Faith charities are rapidly losing faith

Charles Moore has written a depressing piece about faith charities in the Saturday Telegraph. He highlights the case of several Christian charities that were turned down for public funding.
In 2005, Pamela Stevens, a single mother with a grown-up son, applied to Kensington and Chelsea Council to become a foster mother for older children. She had considerable experience of looking after teenagers because large numbers of them have lodged in her house over the years as language students.

Miss Stevens's application was turned down.

Cherie Colman is also a single mother. Some time after her divorce 17 years ago, she set up a charity called Cheer (Comfort, Hope, Empathy, Encouragement, Rebuilding) to help single mothers. Cheer applied for a grant from a Department for Education programme, administered through the Peabody Trust, for its holiday activities for the children of the mothers on a south London council estate. This was turned down.....

.....Miss Stevens was told that she would not be suitable as a foster mother because her beliefs, in the words of the letter of rejection, "prevent you from fully accepting a child's sexuality if he or she were lesbian or gay", and because "your beliefs do not allow you to actively promote another religion for a child"

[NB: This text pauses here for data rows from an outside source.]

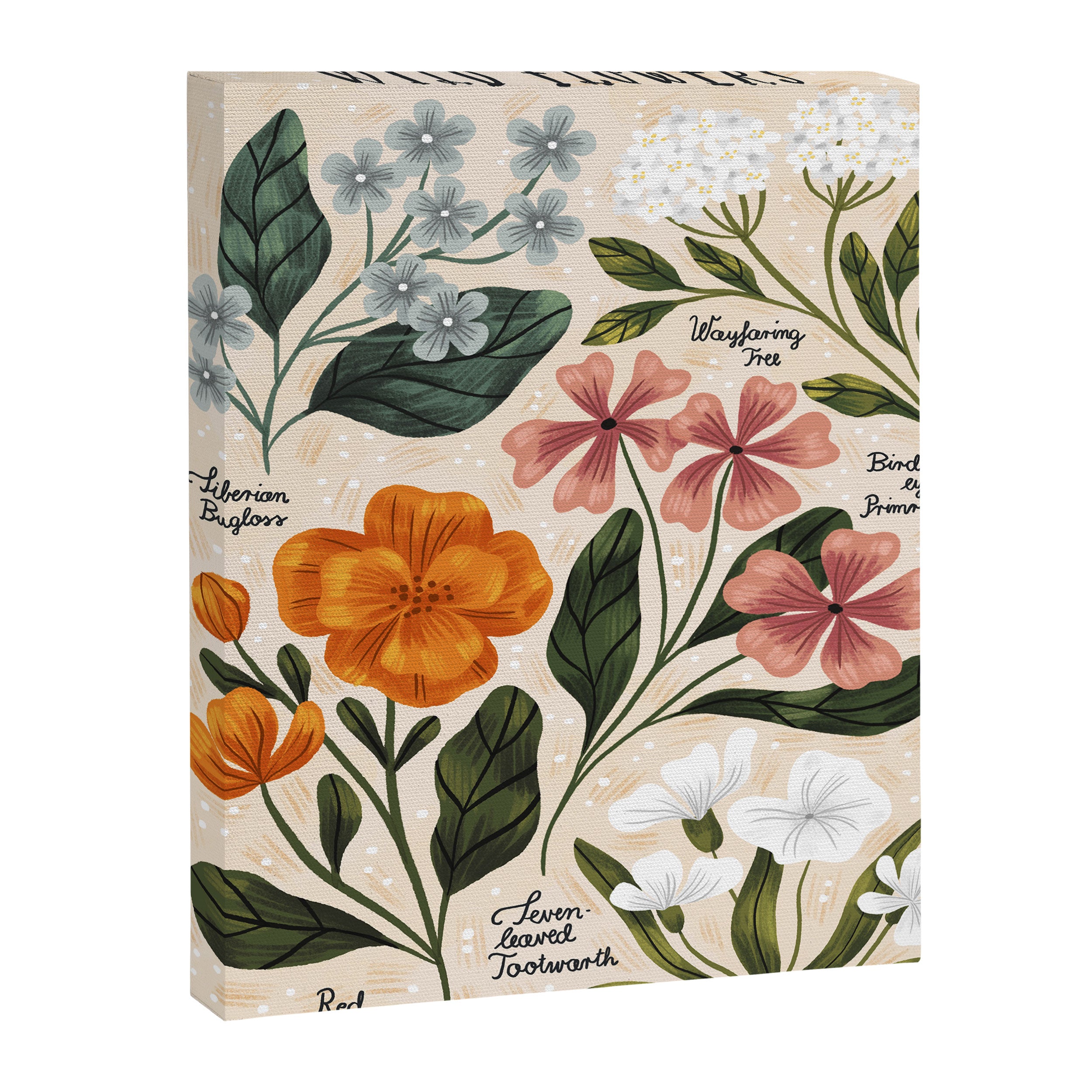 Wild Flowers ~ vol2.  vintage inspired botanical Canvas Print Gallery Image 6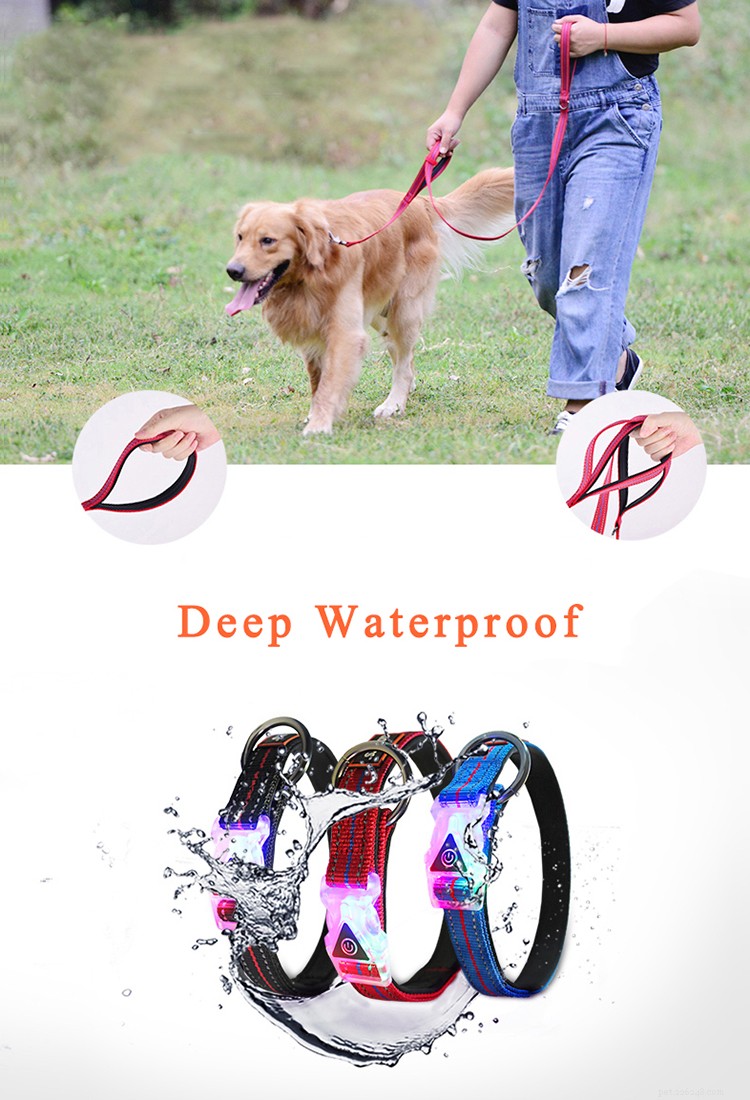 LED Buckle Dog Collars: Safe, Smart Night Walks for You and Your Pet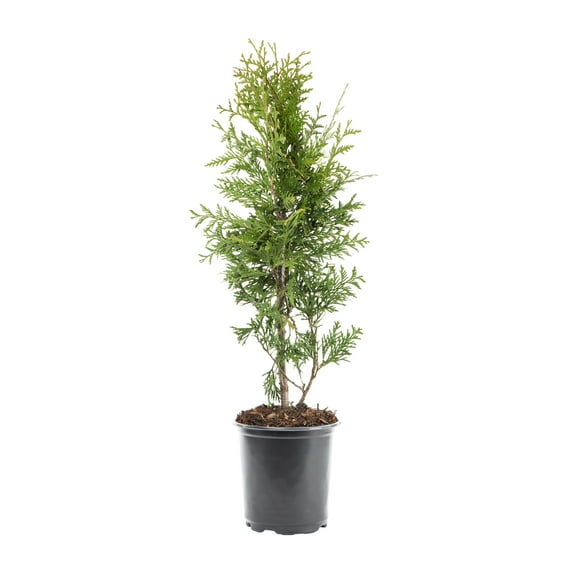 Expert Gardener 2.5QT Green Arborvitae Green Giant Live Shrub Plant Sun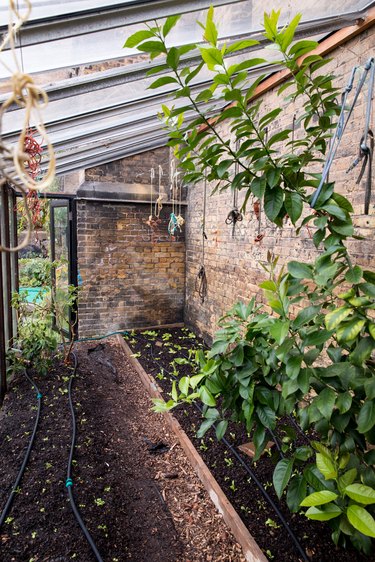 Greenhouse Lean-to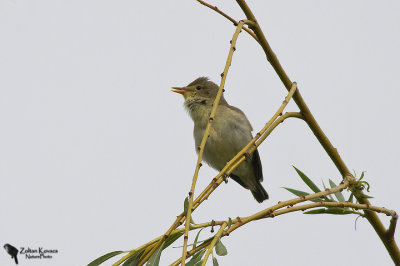 Marsh Warbler (Acrocephalus palustris)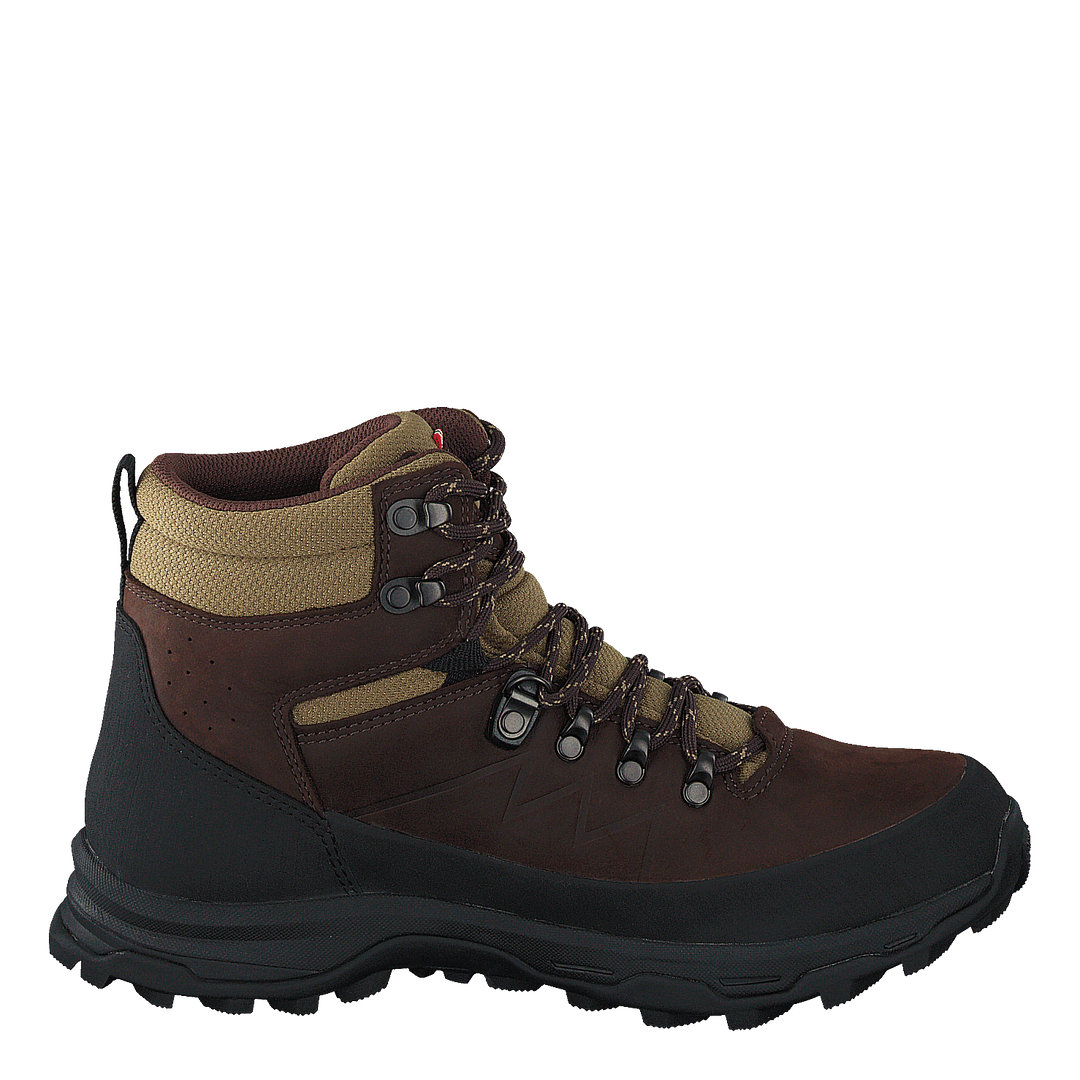 Lofoten Gtx Brown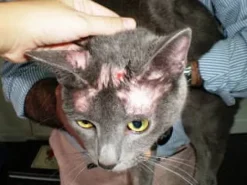 KimiDerm Reforce dermatosis alopecias perros gatos cápsulas
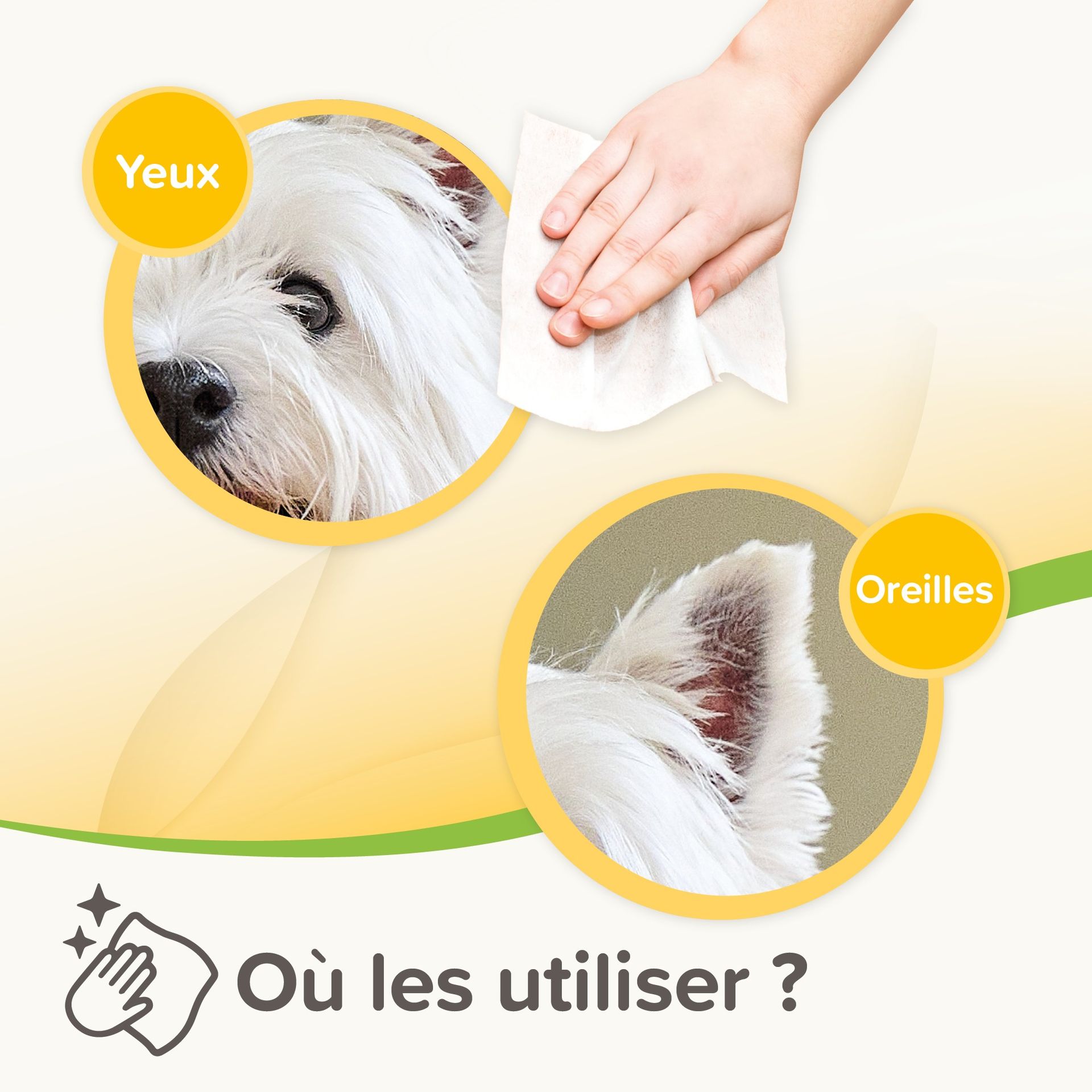 Lingettes nettoyantes Yeux et Oreilles pour chien et chat x 30 – Beaphar - vue 7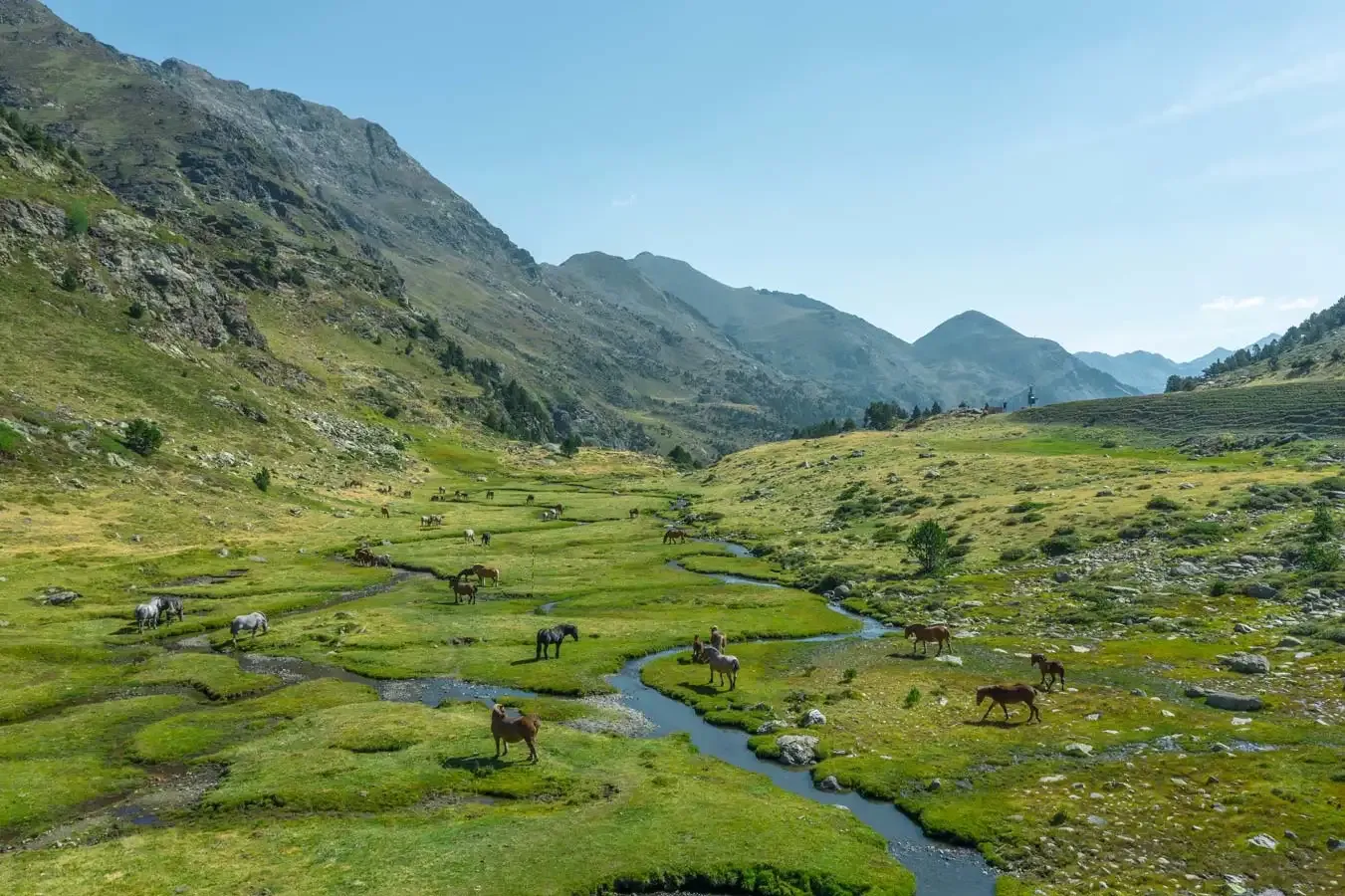 Biosfera d'Ordino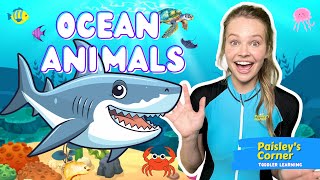 Toddler Learning  Learn Ocean Animals  Educational Videos for Kids  Learning Videos for Toddlers [upl. by Warrin408]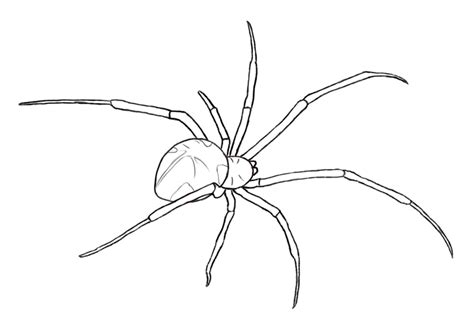 How To Draw A Spider - Draw Central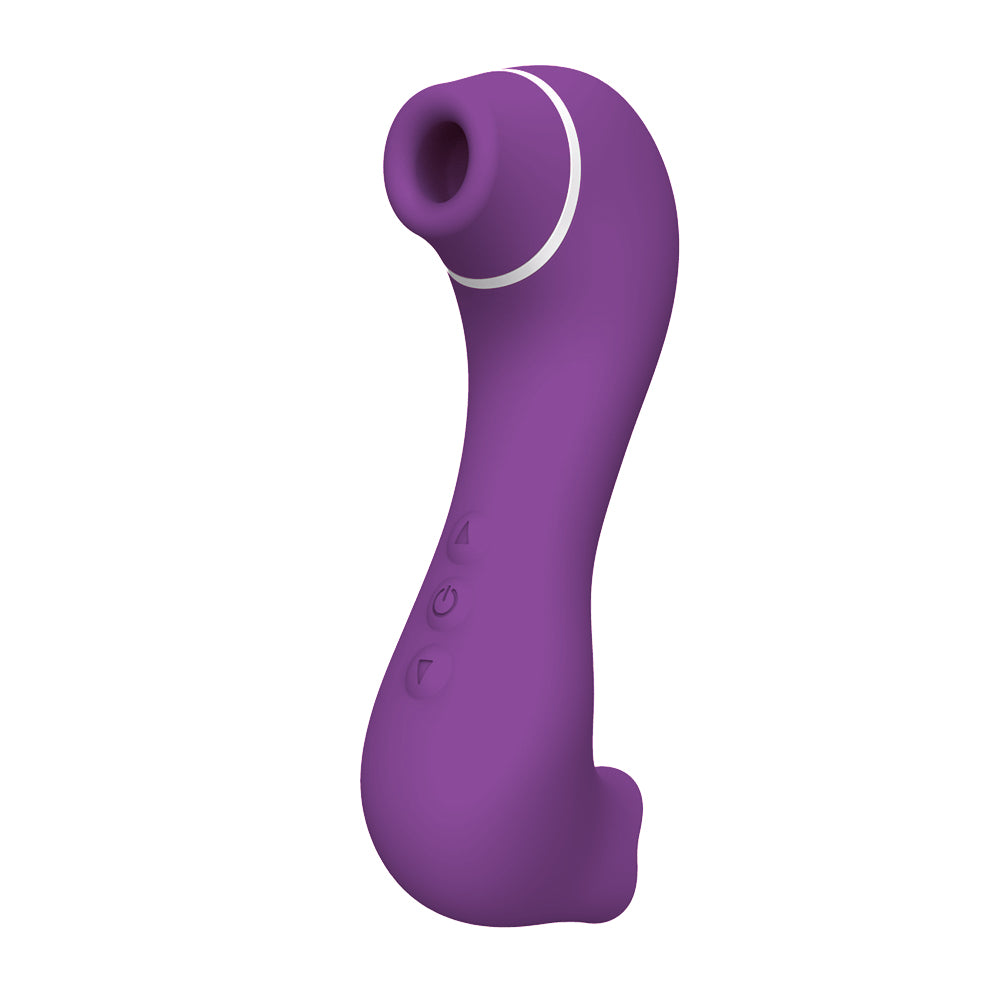 Hippocampe - Soirée Coquine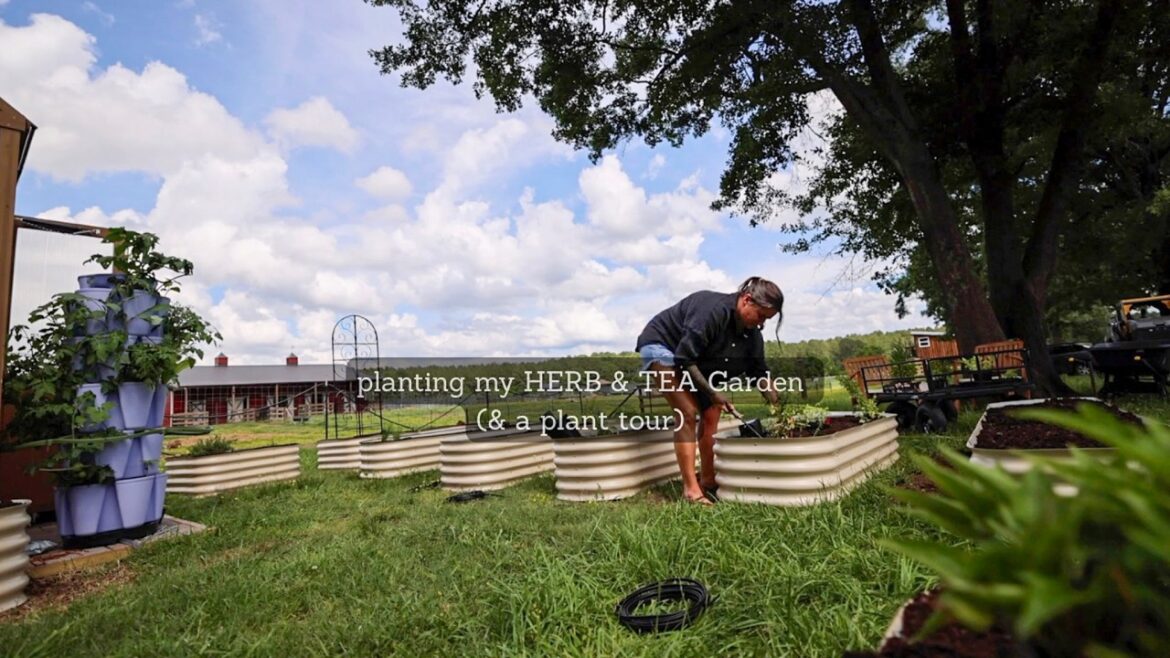 Roots and Refuge Farm: Planting my TEA & HERB GARDEN (& a plant tour!) | VLOG Planting my TEA & HERB GARDEN (& a plant tour!) | VLOG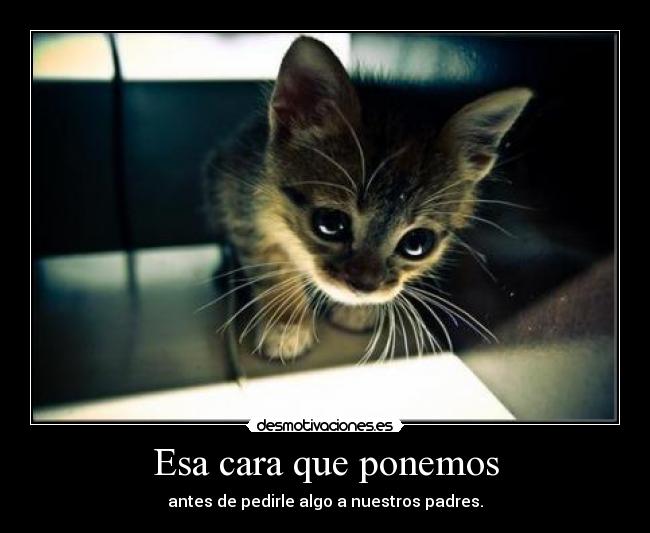 Esa cara que ponemos -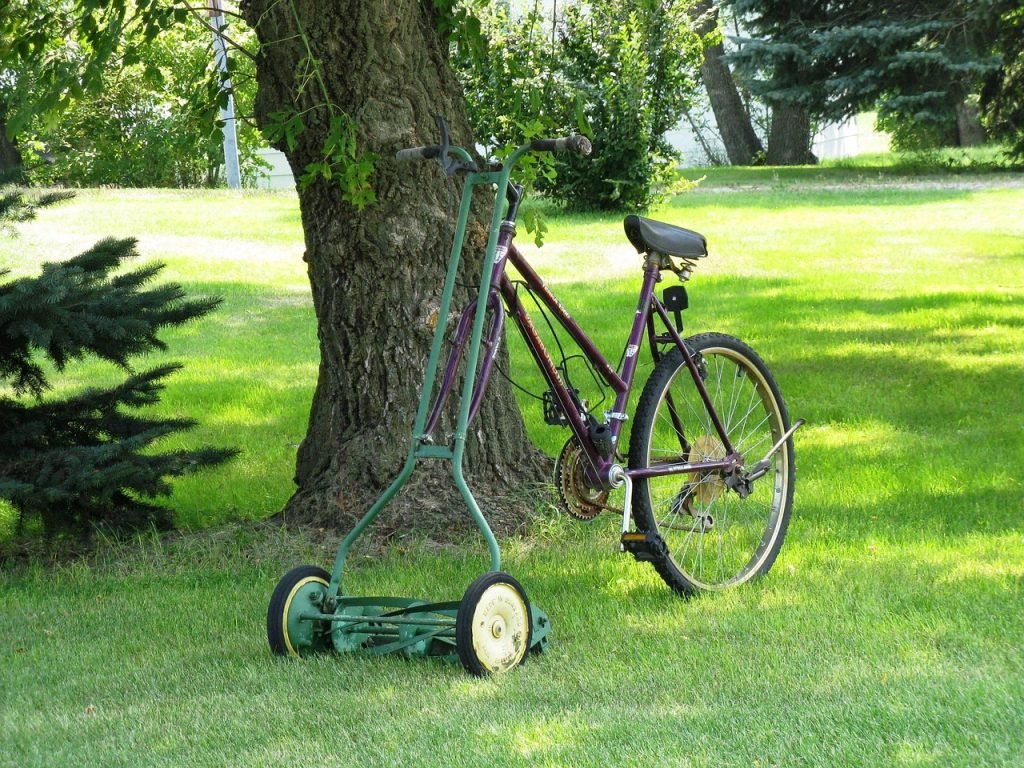 Lawn Mowing Bridges Services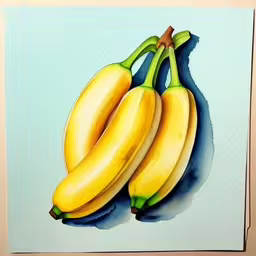 there are three bananas that are in color,there are two bananas on a blue background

Cheer was told by the grant officer that it would not get the funding for its holiday activities (which until then had been looking promising) because she had looked at its website, and it proclaimed that it was Christian. She said that this meant Cheer was not open to everybody, although in fact Cheer ministers to all single mothers, regardless of faith. Her letter of rejection identified Cheer's crime: its website showed "that your assistance for single parents includes extending Christian comfort and offering prayer".

In all the cases highlighted, the charities were rejected on the grounds that they were Christian. Ironically, all this is happening at a time when the Government is trying to encourage faith charities to carry out more of the "social work" traditionally done by local authorities.

You don't have to agree with the ethos of faith charities, but if you ask them to stop believing in the very thing that motivates them, you are also asking them to give up their raison d'etre. Like the new law that forces Catholic adoption agencies to place children with gay parents, local government seems to be motivated more by social control than by any desire to help local communities.